LE BAUME DU COMMANDEUR - HYPOTHESES SUR SON ORIGINE

 

Pierre LABRUDE

 

Le Baume du commandeur apparaît en France en 1694 dans la première édition de l’Histoire générale des drogues du marchand droguiste parisien Pierre Pomet. C’est un médicament vulnéraire, fondant et résolutif, propre à guérir les plaies, les blessures, les contusions, et à faire disparaître l’inflammation. De plus, absorbé dans du bouillon ou dans du vin, il est réputé efficace dans la colique, la goutte, le mal de dents, la petite vérole, les hémorroïdes, les fluxions, les maux des yeux, et l’encloueure des pattes des chevaux. C’est donc une panacée.

Selon la formule donnée par Pomet, on l’obtient en laissant au soleil, pendant la canicule, une bouteille d’esprit de vin contenant du baume sec, du storax, du benjoin, de l’aloès, de la myrrhe, de l’encens, de la racine d’angélique et des fleurs de millepertuis. A l’issue de cette exposition, on filtre et on conserve ce liquide brun, fluide et d’odeur aromatique assez agréable dans un flacon bien bouché. Pomet écrit qu’il n’y a point de coup de fer ou de feu, ... , qu’on ne guérisse dans huit jours, en y mettant de ce baume ... Cet admirable médicament a été inventé, dit-on, par Gaspard de Pernes, commandeur de l’Ordre de Malte à Toul-Libdeau. Peut-être né à Autun vers 1634, il est entré dans l’Ordre en 1650 et a été nommé commandeur en 1682. La commanderie de Libdeau est associée à celle de Xugney, près de Charmes dans les Vosges.

Toutes deux ont d’abord appartenu à l’Ordre du Temple.
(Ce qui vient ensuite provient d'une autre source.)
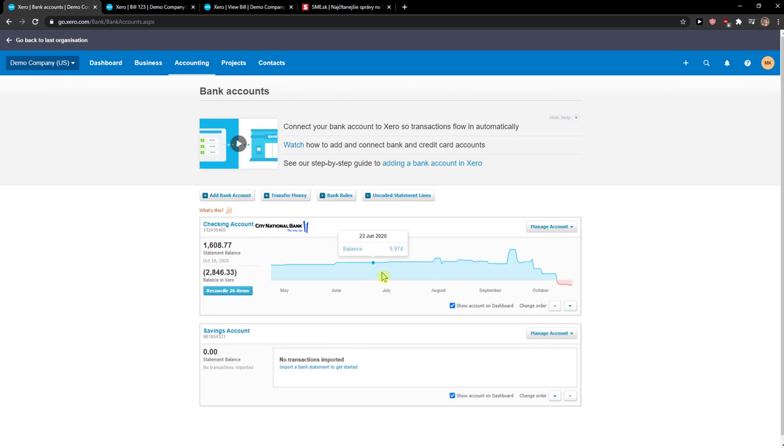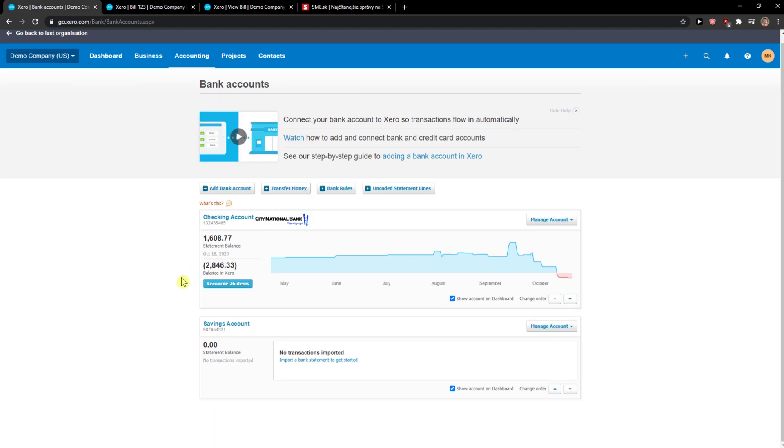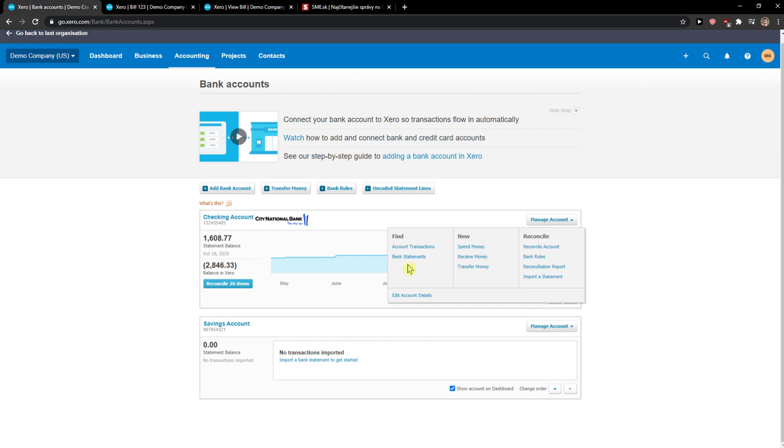And here you're going to see everything and you're going to see manage account and you're going to see bank statements.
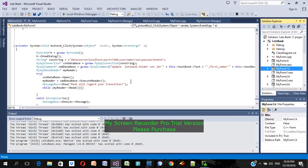Hey guys, it's me Vivek Neopane, and I'm here with yet another video on a bank management system project using Visual Studio C++ and MySQL for the database. I uploaded a video about this project one or two months ago — that was just a teaser at the beginning. Now the project is completed and you're going to see the real picture. I'd be more than happy to teach you how to make this project, so subscribe to my channel.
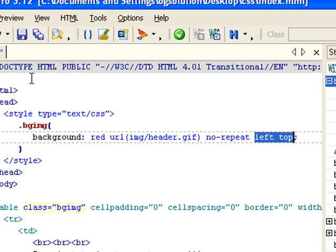And that's a one line background command. I use this a lot more often than setting just one background property at a time. And that's it for this screencast. Thank you.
La formule du baume a été transmise à Pomet, - c’est lui qui l’écrit -, par le “lieutenant de roi” de Toul, M. de Rarécourt de La Vallée de Pimodan. Il appartient à une ancienne famille originaire d’Argonne, qui s’est d’abord illustrée à Toul avec Christophe, évêque de 1588 à 1607, et son neveu Claude. On ne sait rien des raisons qui ont conduit M. de Pimodan à connaître cette formule de médicament qui ne semble pouvoir lui venir que de M. le Commandeur. Mais on ignore également tout de leurs relations, si ce n’est que leurs hôtels sont dans la même rue de la ville, la rue du Saint-Esprit, actuellement rue Général Gengoult. On ignore tout autant les motifs qui ont abouti à la transmission entre M. de Pimodan et M. Pomet, ni comment et où ils se sont rencontrés et connus.

Une autre question importante est celle de l’origine de ce médicament. Parmi ses autres noms figure celui de baume persique, et il nous semble en effet qu’il faut rechercher la composition initiale de la formule plutôt au Moyen Orient qu’en Occident, compte tenu en particulier des origines géographiques de la plupart des plantes qui la constituent. Le Baume provient sans doute du service médical de l’Ordre du Temple ou de celui de Malte, qui était bien organisé, et pourrait l’avoir “emprunté”, sans qu’on sache comment, à ceux qu’il combattait en Terre Sainte. Des modifications sont sans doute intervenues ensuite, en particulier l’introduction de l’angélique et du millepertuis, peut-être en France par un des ordres, peut-être, pourquoi pas, par Gaspard de Pernes. Par ailleurs, tant les Turcs et d’autres peuples, que les chevaliers du Temple ou de Malte, avaient besoin de médicaments actifs dans le traitement des plaies et des blessures.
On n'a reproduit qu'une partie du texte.